DATASET EXTRACT START
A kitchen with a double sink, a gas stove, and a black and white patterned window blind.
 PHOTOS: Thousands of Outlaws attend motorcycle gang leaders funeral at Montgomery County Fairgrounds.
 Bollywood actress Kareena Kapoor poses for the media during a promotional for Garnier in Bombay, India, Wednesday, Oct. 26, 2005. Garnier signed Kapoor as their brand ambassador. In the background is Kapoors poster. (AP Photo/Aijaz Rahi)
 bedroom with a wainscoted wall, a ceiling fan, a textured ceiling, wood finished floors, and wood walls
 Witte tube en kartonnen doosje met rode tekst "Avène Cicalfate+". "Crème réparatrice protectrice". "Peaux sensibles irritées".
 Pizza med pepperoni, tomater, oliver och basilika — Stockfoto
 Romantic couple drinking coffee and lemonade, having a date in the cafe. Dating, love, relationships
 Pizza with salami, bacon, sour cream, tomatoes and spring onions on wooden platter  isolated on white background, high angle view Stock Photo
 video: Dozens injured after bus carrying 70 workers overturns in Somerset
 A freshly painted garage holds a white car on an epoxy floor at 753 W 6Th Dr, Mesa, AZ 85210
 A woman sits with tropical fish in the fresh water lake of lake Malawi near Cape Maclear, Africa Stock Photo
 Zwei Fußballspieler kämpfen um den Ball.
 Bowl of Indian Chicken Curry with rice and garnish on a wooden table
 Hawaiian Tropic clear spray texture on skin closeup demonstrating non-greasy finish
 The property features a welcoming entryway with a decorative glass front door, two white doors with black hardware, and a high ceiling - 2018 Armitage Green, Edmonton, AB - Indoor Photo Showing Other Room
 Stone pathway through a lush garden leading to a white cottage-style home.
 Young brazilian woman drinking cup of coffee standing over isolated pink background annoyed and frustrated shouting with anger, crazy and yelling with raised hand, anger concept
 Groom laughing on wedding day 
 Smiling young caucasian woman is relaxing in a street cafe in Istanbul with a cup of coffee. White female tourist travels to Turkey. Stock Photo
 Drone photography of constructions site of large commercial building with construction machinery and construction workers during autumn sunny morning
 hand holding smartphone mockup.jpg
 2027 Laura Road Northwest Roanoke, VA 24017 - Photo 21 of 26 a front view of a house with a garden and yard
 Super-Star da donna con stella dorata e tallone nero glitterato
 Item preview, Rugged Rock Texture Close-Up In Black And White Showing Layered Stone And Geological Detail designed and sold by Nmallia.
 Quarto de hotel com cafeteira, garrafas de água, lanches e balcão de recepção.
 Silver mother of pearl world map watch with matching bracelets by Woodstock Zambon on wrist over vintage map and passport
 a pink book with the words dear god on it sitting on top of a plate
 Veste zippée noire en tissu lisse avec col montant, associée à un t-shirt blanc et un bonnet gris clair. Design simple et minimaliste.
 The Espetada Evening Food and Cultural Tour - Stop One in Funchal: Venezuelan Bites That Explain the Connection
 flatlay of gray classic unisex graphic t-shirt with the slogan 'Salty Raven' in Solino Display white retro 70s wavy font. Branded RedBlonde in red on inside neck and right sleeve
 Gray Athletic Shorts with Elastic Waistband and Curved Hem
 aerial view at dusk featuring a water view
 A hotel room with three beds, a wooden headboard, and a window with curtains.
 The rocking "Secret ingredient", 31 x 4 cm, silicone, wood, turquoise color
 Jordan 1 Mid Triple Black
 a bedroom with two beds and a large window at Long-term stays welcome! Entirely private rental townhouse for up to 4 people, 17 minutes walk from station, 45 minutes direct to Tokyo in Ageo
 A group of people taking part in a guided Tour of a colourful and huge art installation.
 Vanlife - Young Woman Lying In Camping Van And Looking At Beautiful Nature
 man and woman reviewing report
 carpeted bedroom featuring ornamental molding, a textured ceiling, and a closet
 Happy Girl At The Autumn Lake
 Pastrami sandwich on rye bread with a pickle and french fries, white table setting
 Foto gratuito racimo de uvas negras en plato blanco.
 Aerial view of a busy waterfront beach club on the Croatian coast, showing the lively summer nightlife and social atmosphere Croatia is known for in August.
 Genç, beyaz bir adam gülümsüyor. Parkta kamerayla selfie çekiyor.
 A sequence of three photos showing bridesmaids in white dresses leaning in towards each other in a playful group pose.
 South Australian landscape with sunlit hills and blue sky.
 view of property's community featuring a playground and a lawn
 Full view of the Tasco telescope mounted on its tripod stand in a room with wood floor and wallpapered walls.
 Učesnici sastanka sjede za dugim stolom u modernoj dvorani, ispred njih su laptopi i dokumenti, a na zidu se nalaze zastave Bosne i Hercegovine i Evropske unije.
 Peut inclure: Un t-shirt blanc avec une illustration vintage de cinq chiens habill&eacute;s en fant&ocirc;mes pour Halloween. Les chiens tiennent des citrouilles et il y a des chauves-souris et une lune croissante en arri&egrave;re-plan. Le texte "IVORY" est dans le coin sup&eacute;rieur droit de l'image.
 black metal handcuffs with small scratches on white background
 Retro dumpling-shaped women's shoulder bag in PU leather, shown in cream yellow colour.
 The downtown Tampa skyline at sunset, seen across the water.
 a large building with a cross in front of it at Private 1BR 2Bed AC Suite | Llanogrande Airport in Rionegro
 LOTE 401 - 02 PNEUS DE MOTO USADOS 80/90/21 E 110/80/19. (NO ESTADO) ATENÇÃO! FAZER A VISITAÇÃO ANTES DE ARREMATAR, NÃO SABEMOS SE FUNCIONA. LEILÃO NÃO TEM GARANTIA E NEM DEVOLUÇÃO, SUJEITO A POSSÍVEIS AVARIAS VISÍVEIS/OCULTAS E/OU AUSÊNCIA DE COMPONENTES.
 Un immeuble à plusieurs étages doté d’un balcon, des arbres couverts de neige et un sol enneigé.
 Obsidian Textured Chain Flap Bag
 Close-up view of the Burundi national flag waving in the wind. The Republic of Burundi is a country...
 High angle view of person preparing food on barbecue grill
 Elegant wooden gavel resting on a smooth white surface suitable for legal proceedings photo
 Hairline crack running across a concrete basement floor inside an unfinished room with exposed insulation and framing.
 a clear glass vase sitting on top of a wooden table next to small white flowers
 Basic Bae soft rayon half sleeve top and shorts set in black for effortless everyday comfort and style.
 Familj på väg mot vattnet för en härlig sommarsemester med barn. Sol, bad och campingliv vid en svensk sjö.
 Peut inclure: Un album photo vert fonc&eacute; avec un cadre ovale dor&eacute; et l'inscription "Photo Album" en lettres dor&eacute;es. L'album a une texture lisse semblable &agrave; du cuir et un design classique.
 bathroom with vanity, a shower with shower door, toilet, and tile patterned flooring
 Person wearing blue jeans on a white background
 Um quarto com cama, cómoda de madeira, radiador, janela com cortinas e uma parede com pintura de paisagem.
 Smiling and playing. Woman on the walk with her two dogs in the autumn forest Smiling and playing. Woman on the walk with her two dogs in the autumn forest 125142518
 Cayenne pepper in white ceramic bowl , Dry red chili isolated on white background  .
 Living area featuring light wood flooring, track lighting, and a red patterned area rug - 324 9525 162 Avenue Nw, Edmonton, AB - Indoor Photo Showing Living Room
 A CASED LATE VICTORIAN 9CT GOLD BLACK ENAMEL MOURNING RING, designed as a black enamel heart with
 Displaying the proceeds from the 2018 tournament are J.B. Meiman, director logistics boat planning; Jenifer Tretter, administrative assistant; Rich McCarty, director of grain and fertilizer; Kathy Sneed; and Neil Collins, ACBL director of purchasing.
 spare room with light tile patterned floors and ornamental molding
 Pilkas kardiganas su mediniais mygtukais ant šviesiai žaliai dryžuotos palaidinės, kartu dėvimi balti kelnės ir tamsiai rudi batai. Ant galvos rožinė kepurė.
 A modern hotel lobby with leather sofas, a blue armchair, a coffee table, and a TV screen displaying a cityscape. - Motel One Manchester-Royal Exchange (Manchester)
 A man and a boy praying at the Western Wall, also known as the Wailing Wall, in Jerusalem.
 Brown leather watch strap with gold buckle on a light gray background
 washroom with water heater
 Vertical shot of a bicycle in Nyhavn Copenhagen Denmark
DATASET EXTRACT END
> **WHAT THIS TASK INVOLVES**
Where does the word "designed" appear in the records? Copy every line that holds it.

> **SOLUTION**
 Item preview, Rugged Rock Texture Close-Up In Black And White Showing Layered Stone And Geological Detail designed and sold by Nmallia.
 A CASED LATE VICTORIAN 9CT GOLD BLACK ENAMEL MOURNING RING, designed as a black enamel heart with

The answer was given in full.